• _What this task involves_: Return only the lines of the listing below that run from the line with "Large girl with" through the line with "Modern senior photos, greenhouse", both ends included, exactly as written.
Data provided START
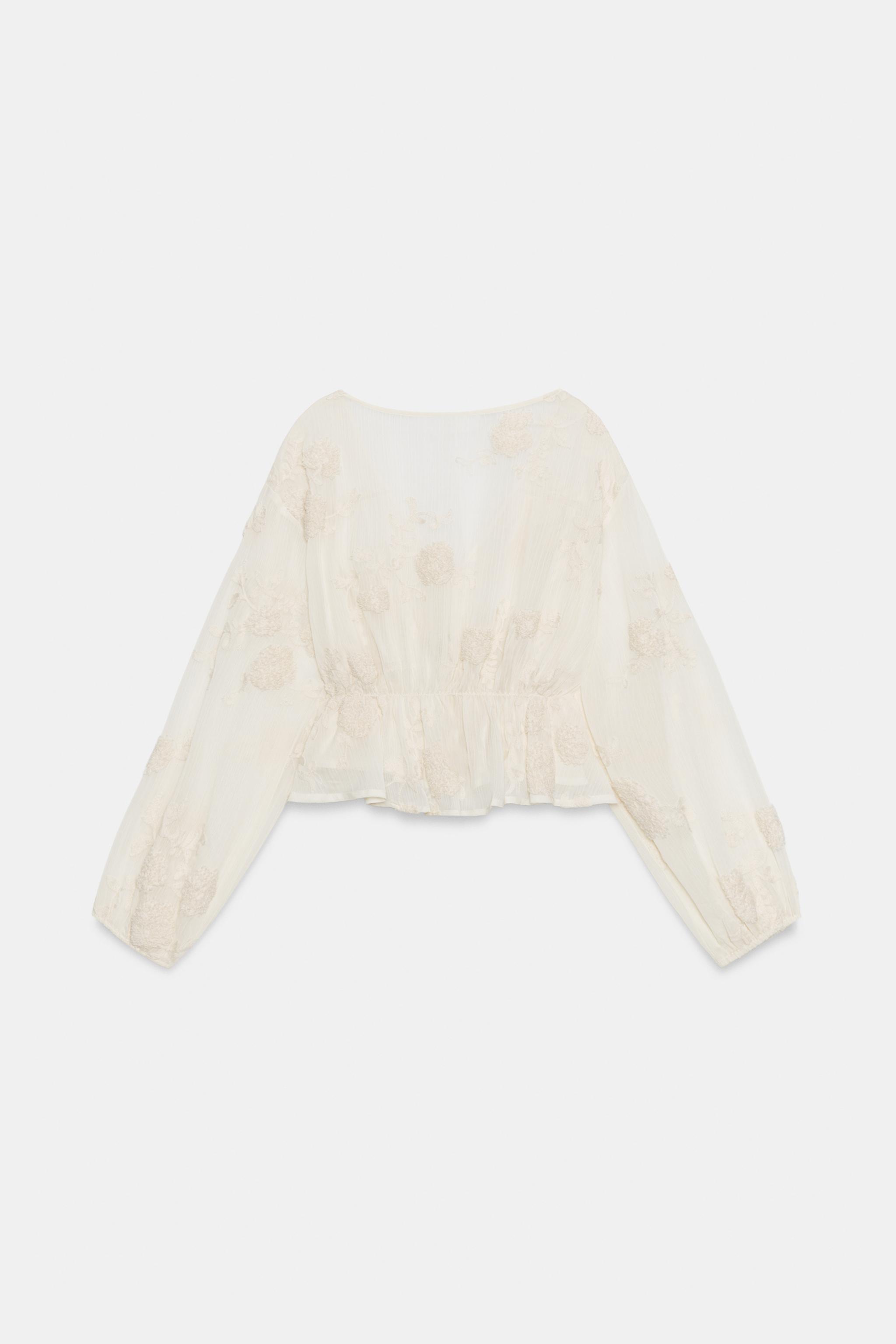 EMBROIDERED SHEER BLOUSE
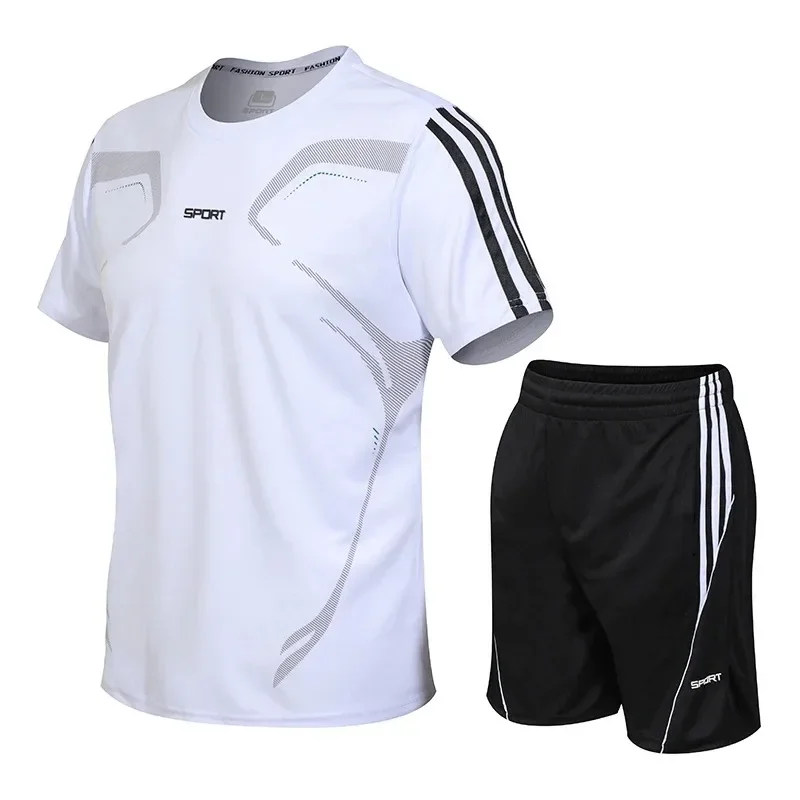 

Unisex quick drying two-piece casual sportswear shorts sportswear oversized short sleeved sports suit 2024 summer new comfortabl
Data provided END
Data provided START
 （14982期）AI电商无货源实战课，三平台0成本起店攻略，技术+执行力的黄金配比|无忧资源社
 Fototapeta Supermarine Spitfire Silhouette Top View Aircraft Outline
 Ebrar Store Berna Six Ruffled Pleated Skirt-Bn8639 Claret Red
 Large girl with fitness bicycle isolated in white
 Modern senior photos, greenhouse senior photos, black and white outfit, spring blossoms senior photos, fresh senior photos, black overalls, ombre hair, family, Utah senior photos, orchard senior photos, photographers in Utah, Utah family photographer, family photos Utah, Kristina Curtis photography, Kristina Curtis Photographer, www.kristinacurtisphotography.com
Data provided END
• _Written solution_:
 Large girl with fitness bicycle isolated in white
 Modern senior photos, greenhouse senior photos, black and white outfit, spring blossoms senior photos, fresh senior photos, black overalls, ombre hair, family, Utah senior photos, orchard senior photos, photographers in Utah, Utah family photographer, family photos Utah, Kristina Curtis photography, Kristina Curtis Photographer, www.kristinacurtisphotography.com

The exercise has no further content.